Aviation Analyst Says AC’s Flight Attendant Deal Could Have Major Ripple Effect
by Bruce Parkinson
Air Canada and its flight attendants are back at the bargaining table.
According to aviation analyst Alex Macheras, Air Canada’s recent labour agreement with its flight attendants has the potential to reset expectations across North America’s airlines.
The resolution saw Canada’s flag carrier agree to what Macheras calls “a fundamental shift in crew compensation: boarding pay.” Now that Canada’s largest airline has agreed to it, he says the implications may spread far beyond Canadian borders.
Under the new AC deal, flight attendants will now receive boarding pay for the first time. This represents a structural shift in how time is valued, and how airlines may be required to define duty time going forward.
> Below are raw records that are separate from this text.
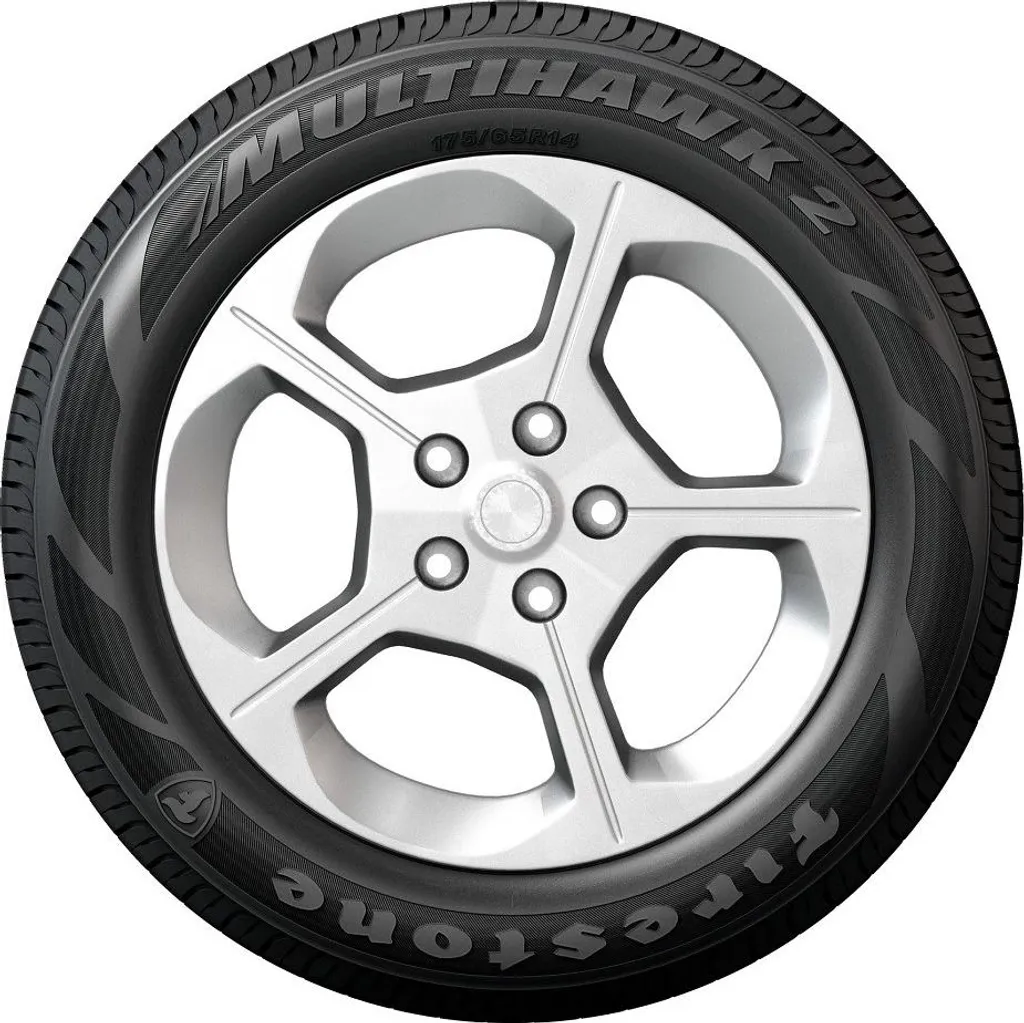 Stop à l'aquaplaning avec le pneu Firestone Multihawk 2 175/65R14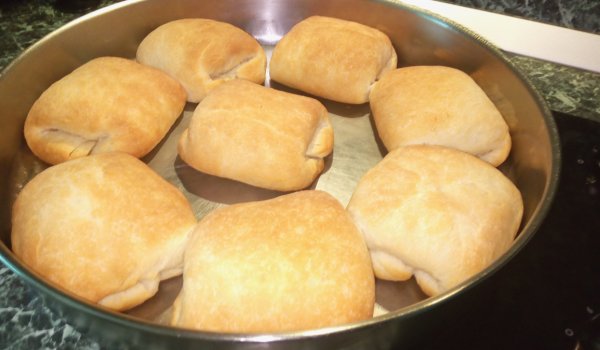 Мамините питки с масло и сирене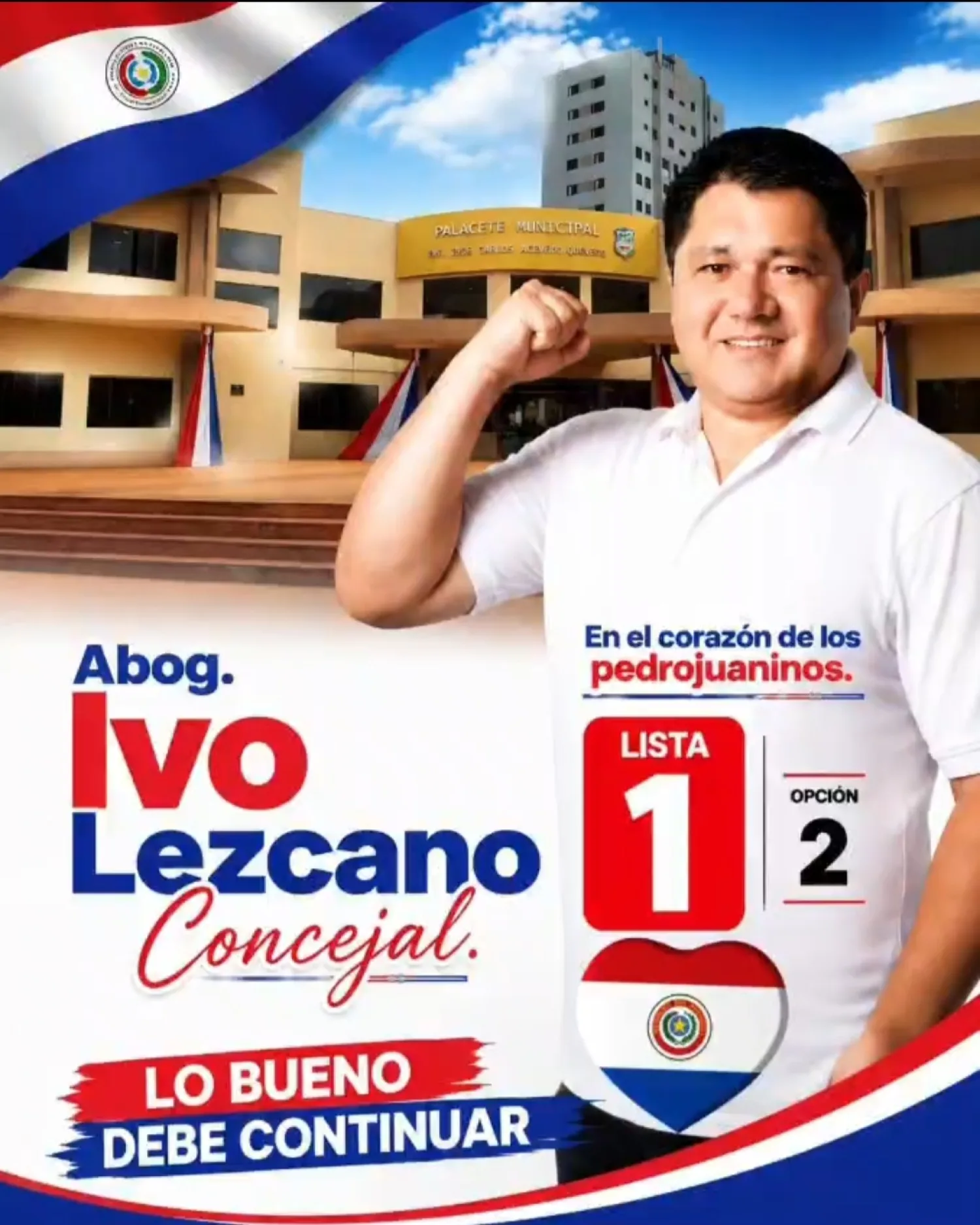 IVO LEZCANO, EL CONCEJAL COMPROMETIDO CON SU COMUNIDAD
Writing for Aviation Analyst, Macheras says the current flight attendant pay model is an anachronism that dates back to early aviation, when cabin crew worked smaller aircraft with shorter turnaround times, fewer passengers, and simpler service expectations.

“In 2025, that model no longer fits reality,” he writes. “Aircraft are larger, turnarounds are longer, and the complexity of the boarding process has grown significantly. Boarding now involves dealing with larger hand luggage allowances, managing carry-on disputes in the absence of consistent gate-check policies, helping disabled passengers to their seats, and handling the demands of a mixed travel demographic that includes business travellers, families, and connecting passengers with multiple issues.”
While the pay model was similar across North American airlines, Macheras says the disconnect between duties and pay has become increasingly hard to defend.
“Air Canada’s agreement is therefore a milestone. It is the first major North American airline to formally acknowledge boarding and other ground duties as paid work within the core cabin crew contract. This sets a precedent that other unions across the continent are likely to seize on, particularly at a time when cost of living pressures remain high and job expectations are expanding.”
Air Canada may be the first major North American airline to compensate flight attendants for what their unions have referred to as ‘unpaid work.’ But Macheras says AC won’t be the last.
“Now that Air Canada has broken from precedent, it is difficult to see how other major carriers will avoid this issue in future rounds of bargaining,” he said.